* _DATA EXTRACT_

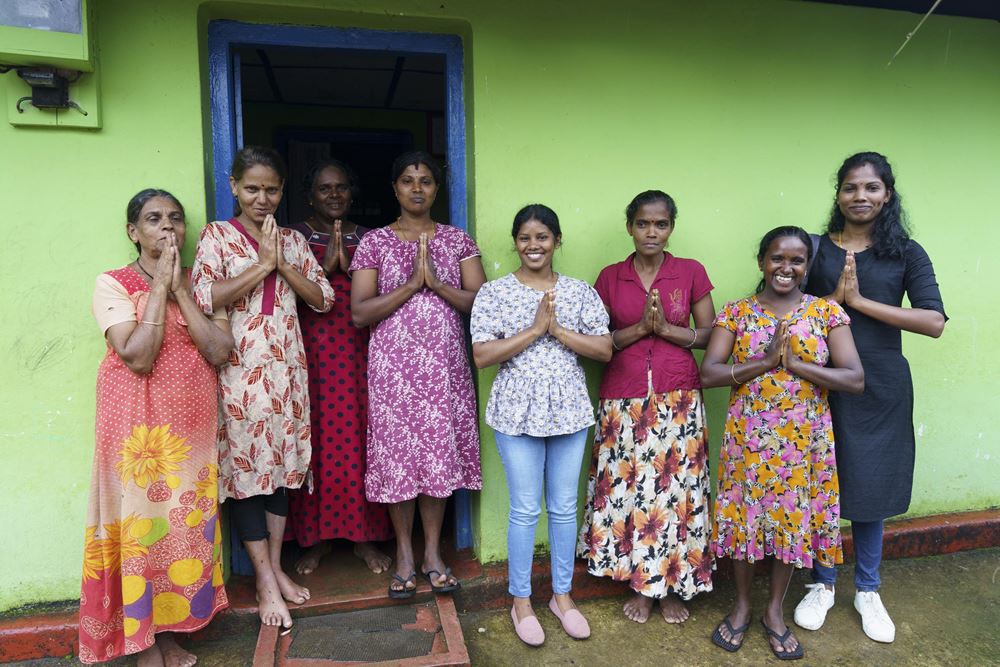 Eine Gruppe von Frauen mit einer Mitarbeiterin des Kindernothilfepartners (Quelle: Christian Nusch) Das Interesse der Frauen an den Selbsthilfegruppen ist riesig (Foto: Christian Nusch)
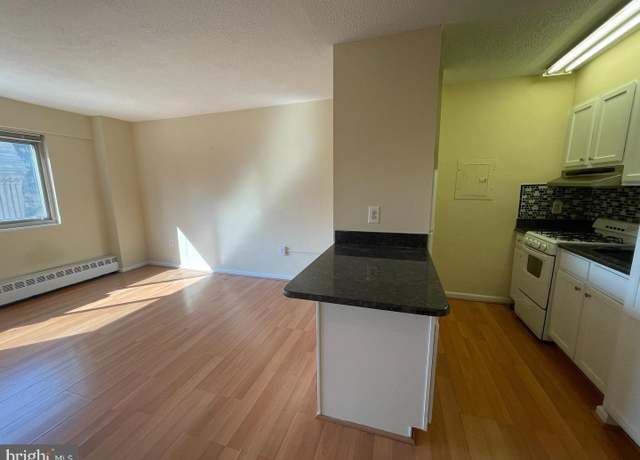 Property at 2101-17 Chestnut St #1413, Philadelphia, PA 19103, 1 bed, 1 bath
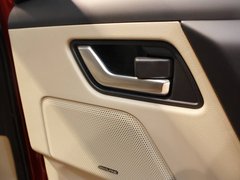 2011款 2.2T SD4 SE柴油款 5座
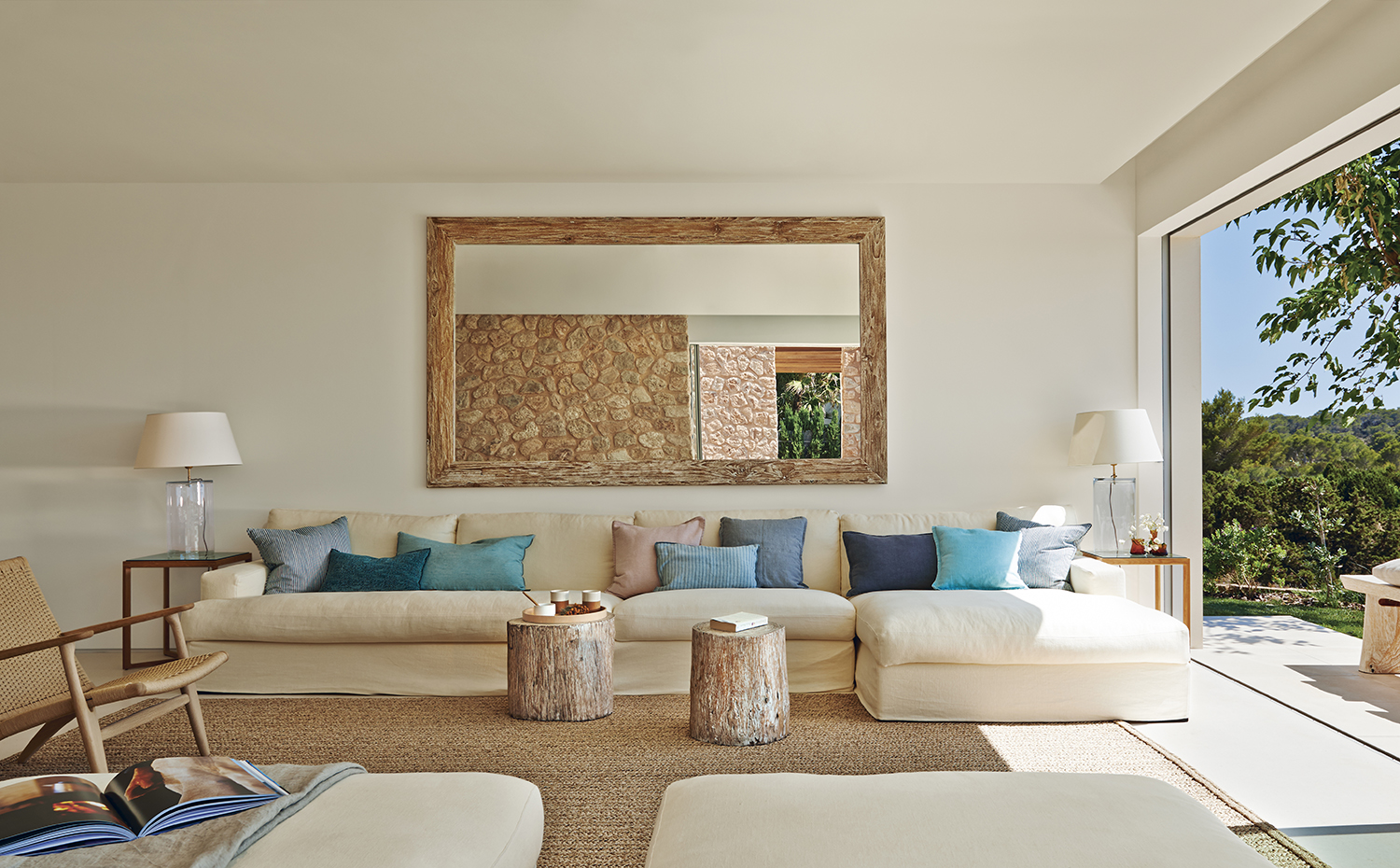 00387508 ok. Sofás y pufs de Meridiani. La alfombra es de Tim Page, comprada en Design Centre Chelsea Harbour. Las mesitas auxiliares a ambos lados del sofá son de Mark Krusin para Knoll. Taburetes adquiridos en Kzar Living, Ibiza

* _GOAL OF THE EXERCISE_
Everything from the line holding "2011款 2.2T SD4 SE柴油款 5座" through the last line of the listing should be written out exactly, except for the pictures.

* _ANSWER AREA_
 2011款 2.2T SD4 SE柴油款 5座
 00387508 ok. Sofás y pufs de Meridiani. La alfombra es de Tim Page, comprada en Design Centre Chelsea Harbour. Las mesitas auxiliares a ambos lados del sofá son de Mark Krusin para Knoll. Taburetes adquiridos en Kzar Living, Ibiza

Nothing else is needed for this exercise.